SALES of Chrysler’s politically incorrect 300 large sedan are running at record levels in Australia, giving rival manufacturer General Motors just one more factor to mull as it considers the future of Holden as a local manufacturer.
Fiat Chrysler Group sold 350 of the Canadian-built limos here this September, up more than 100 per cent on the corresponding month last year.
Helped by a relatively strong Australian dollar, aggressive pricing policy and a broad eight-model line-up with choice of three powertrains, the 300 – the car of choice for television’s illegal drug merchant Walter White in
Breaking Bad – is headed for its best year since arriving in Australia as the 300C in 2005.
Priced from a handy $43,000 driveaway for the base V6 variant, the 15-month-old 300 is averaging 217 sales a month this year, compared with 76 sales a month for the only other car in the VFACTS upper-large category (up to $100,000), the locally built Holden Caprice.
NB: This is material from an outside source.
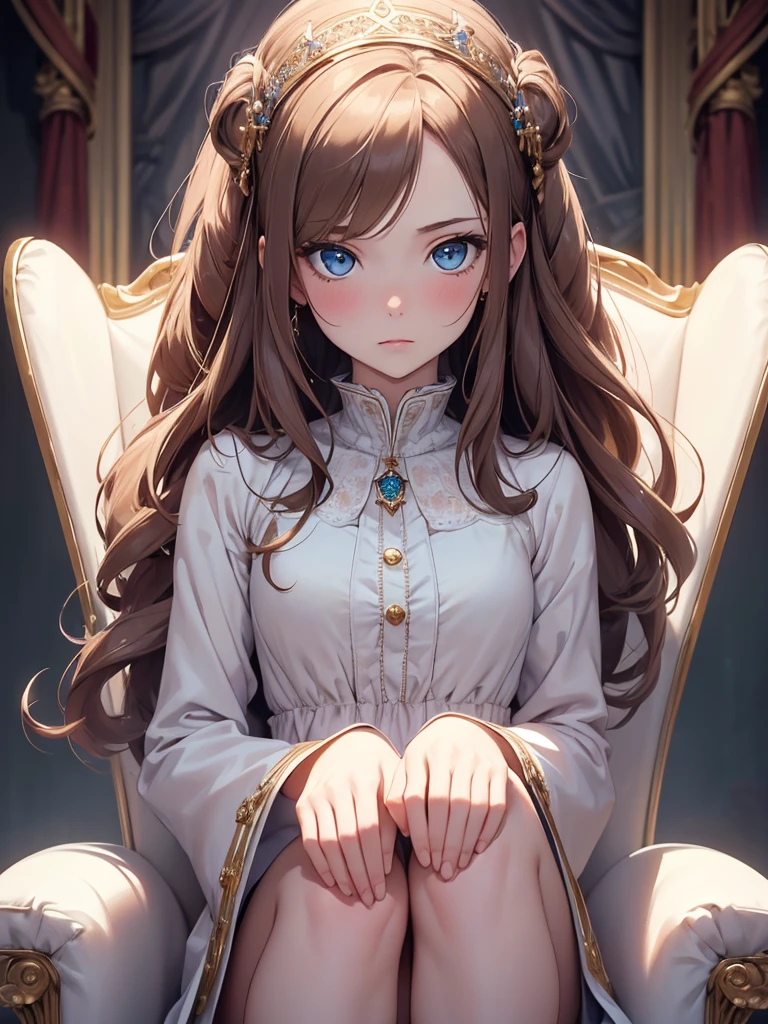 (8K, Best Quality, Masterpiece, Ultra High Resolution) Single Person, 1 Woman, Cute Eyes, Face Details, Pale Skin, Slender, Blush, Brunette Hair, Long Hair, Blue Eyes, Royal Clothing, Sitting on Throne, Castle, Best Quality, Upper Body, Looking at the Viewer, Facing Viewer, Close Up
The average monthly sales tally for the Chrysler 300 this year is equivalent to the best month for the 300C – 216 sales in November 2010 – before it went to the big car showroom in the sky in 2011.
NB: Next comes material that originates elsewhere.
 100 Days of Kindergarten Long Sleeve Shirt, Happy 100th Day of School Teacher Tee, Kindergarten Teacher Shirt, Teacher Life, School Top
Chrysler and its Australian dealer network had to endure a stock drought of almost a year between 300 generations before the new 300 arrived in May 2012, shooting to segment leadership in just its second month on the market.
Long-time segment leader Holden Caprice has since played second fiddle to the big Chrysler, but recently received a fillip in parallel with the arrival of the new VF Commodore, drawing some new technologies and styling modifications from the short-wheelbase car on which it is based.
The 184 Caprice sales in September represented a 98 per cent increase over the same month last year and its best month of 2013. Year to date, however, local Caprice sales are down 41 per cent on last year.
At $43,000, the price of entry to the Chrysler 300 range is $11,000 cheaper than the most affordable Caprice, which starts with the fleet-friendly LPG-powered model – now the only V6 variant in the range – at $54,490 (plus on-road costs).
The 6.0-litre V8 Caprice is priced from $59,990, splitting the Chrysler 300’s twin V8 models, the $56,000 SRT8 Core – a stripped out performance version priced to escape the luxury car tax – and the flagship $66,000 SRT8.
Apart from Caprice, the imported Chrysler 300 also competes with some Commodore variants, especially the big-bore V8 Holden Special Vehicle hot shop models that have also just benefited from the arrival of the new VF, in the form of the HSV F-Series range that starts at $62,990 for the 6.2-litre ClubSport.
As HSV sales are not broken out from general Commodore sales figures in official public VFACTS sales data, it is difficult to compare apples with apples in the muscle car sales arena.
The arrival of the new HSV range is likely to have triggered renewed interest in the Chrysler 300, bringing new buyers into the market to the benefit of all players.
Chrysler, which has been teamed with Fiat since hitting the financial wall in the global financial crisis, offers just two model lines in Australia – the 300 sedan and Voyager people-mover – having rid itself of slow-moving models such as the PT Cruiser and Sebring.
Bearing in mind that Chrysler was without 300 for several months in Australia last year, overall Chrysler sales are up 302 per cent in the nine months to the end of September, with Voyager contributing 132 units to the brand tally of 2096.
If we include the Dodge Journey’s 1185 units and Jeep’s 15,779 sales, America’s third biggest car-maker has sold more than 19,000 units in Australia this year, putting it in a similar league to BMW and Mercedes-Benz, in volume at least.